--- START ---

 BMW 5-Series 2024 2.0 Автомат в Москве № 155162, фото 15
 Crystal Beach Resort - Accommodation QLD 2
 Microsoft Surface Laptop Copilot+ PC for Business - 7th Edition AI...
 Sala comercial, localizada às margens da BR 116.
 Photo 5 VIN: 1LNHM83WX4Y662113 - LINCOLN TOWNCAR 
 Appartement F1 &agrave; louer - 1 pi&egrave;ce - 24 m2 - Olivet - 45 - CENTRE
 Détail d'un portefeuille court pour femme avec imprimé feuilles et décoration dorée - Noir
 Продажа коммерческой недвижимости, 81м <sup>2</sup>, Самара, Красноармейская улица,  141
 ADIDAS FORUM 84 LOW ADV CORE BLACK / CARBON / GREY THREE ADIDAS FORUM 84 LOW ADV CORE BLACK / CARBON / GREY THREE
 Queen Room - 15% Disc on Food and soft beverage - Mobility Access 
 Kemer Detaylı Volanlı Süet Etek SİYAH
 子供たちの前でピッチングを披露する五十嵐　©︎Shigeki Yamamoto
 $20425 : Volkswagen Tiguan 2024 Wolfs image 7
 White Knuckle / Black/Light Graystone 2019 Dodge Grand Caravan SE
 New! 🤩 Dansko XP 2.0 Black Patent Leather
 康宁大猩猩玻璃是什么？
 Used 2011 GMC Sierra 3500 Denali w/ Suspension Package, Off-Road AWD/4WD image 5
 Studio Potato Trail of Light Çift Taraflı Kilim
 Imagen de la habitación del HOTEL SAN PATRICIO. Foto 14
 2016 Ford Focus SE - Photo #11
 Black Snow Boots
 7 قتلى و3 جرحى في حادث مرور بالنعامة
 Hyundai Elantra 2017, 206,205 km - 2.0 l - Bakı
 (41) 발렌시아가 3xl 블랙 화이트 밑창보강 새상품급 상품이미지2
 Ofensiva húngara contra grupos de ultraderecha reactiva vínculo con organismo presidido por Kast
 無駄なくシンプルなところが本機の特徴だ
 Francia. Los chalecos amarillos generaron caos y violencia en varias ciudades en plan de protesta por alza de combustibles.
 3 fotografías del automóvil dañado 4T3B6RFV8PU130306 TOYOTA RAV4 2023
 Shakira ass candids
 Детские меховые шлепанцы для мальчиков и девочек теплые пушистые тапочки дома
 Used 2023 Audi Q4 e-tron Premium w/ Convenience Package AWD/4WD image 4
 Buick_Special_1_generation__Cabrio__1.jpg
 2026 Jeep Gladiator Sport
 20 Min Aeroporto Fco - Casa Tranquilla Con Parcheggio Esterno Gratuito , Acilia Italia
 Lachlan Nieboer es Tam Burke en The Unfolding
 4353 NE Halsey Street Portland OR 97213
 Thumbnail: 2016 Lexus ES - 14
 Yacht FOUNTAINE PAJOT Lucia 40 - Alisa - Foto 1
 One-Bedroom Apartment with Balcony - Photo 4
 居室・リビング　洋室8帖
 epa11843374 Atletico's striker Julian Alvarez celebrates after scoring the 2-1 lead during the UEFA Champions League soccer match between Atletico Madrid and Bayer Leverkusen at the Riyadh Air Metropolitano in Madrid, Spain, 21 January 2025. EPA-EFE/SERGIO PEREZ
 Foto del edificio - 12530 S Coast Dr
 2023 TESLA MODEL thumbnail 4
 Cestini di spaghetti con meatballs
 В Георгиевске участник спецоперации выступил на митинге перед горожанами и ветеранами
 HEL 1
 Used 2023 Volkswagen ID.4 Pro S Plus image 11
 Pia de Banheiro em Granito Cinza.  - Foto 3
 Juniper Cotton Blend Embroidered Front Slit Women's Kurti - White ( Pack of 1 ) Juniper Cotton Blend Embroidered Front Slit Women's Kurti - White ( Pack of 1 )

--- END ---

■ WHAT TO DO ■
Each entry above needs to be retyped exactly as it appears.

■ EXERCISE RESULT ■
 BMW 5-Series 2024 2.0 Автомат в Москве № 155162, фото 15
 Crystal Beach Resort - Accommodation QLD 2
 Microsoft Surface Laptop Copilot+ PC for Business - 7th Edition AI...
 Sala comercial, localizada às margens da BR 116.
 Photo 5 VIN: 1LNHM83WX4Y662113 - LINCOLN TOWNCAR 
 Appartement F1 &agrave; louer - 1 pi&egrave;ce - 24 m2 - Olivet - 45 - CENTRE
 Détail d'un portefeuille court pour femme avec imprimé feuilles et décoration dorée - Noir
 Продажа коммерческой недвижимости, 81м <sup>2</sup>, Самара, Красноармейская улица,  141
 ADIDAS FORUM 84 LOW ADV CORE BLACK / CARBON / GREY THREE ADIDAS FORUM 84 LOW ADV CORE BLACK / CARBON / GREY THREE
 Queen Room - 15% Disc on Food and soft beverage - Mobility Access 
 Kemer Detaylı Volanlı Süet Etek SİYAH
 子供たちの前でピッチングを披露する五十嵐　©︎Shigeki Yamamoto
 $20425 : Volkswagen Tiguan 2024 Wolfs image 7
 White Knuckle / Black/Light Graystone 2019 Dodge Grand Caravan SE
 New! 🤩 Dansko XP 2.0 Black Patent Leather
 康宁大猩猩玻璃是什么？
 Used 2011 GMC Sierra 3500 Denali w/ Suspension Package, Off-Road AWD/4WD image 5
 Studio Potato Trail of Light Çift Taraflı Kilim
 Imagen de la habitación del HOTEL SAN PATRICIO. Foto 14
 2016 Ford Focus SE - Photo #11
 Black Snow Boots
 7 قتلى و3 جرحى في حادث مرور بالنعامة
 Hyundai Elantra 2017, 206,205 km - 2.0 l - Bakı
 (41) 발렌시아가 3xl 블랙 화이트 밑창보강 새상품급 상품이미지2
 Ofensiva húngara contra grupos de ultraderecha reactiva vínculo con organismo presidido por Kast
 無駄なくシンプルなところが本機の特徴だ
 Francia. Los chalecos amarillos generaron caos y violencia en varias ciudades en plan de protesta por alza de combustibles.
 3 fotografías del automóvil dañado 4T3B6RFV8PU130306 TOYOTA RAV4 2023
 Shakira ass candids
 Детские меховые шлепанцы для мальчиков и девочек теплые пушистые тапочки дома
 Used 2023 Audi Q4 e-tron Premium w/ Convenience Package AWD/4WD image 4
 Buick_Special_1_generation__Cabrio__1.jpg
 2026 Jeep Gladiator Sport
 20 Min Aeroporto Fco - Casa Tranquilla Con Parcheggio Esterno Gratuito , Acilia Italia
 Lachlan Nieboer es Tam Burke en The Unfolding
 4353 NE Halsey Street Portland OR 97213
 Thumbnail: 2016 Lexus ES - 14
 Yacht FOUNTAINE PAJOT Lucia 40 - Alisa - Foto 1
 One-Bedroom Apartment with Balcony - Photo 4
 居室・リビング　洋室8帖
 epa11843374 Atletico's striker Julian Alvarez celebrates after scoring the 2-1 lead during the UEFA Champions League soccer match between Atletico Madrid and Bayer Leverkusen at the Riyadh Air Metropolitano in Madrid, Spain, 21 January 2025. EPA-EFE/SERGIO PEREZ
 Foto del edificio - 12530 S Coast Dr
 2023 TESLA MODEL thumbnail 4
 Cestini di spaghetti con meatballs
 В Георгиевске участник спецоперации выступил на митинге перед горожанами и ветеранами
 HEL 1
 Used 2023 Volkswagen ID.4 Pro S Plus image 11
 Pia de Banheiro em Granito Cinza.  - Foto 3
 Juniper Cotton Blend Embroidered Front Slit Women's Kurti - White ( Pack of 1 ) Juniper Cotton Blend Embroidered Front Slit Women's Kurti - White ( Pack of 1 )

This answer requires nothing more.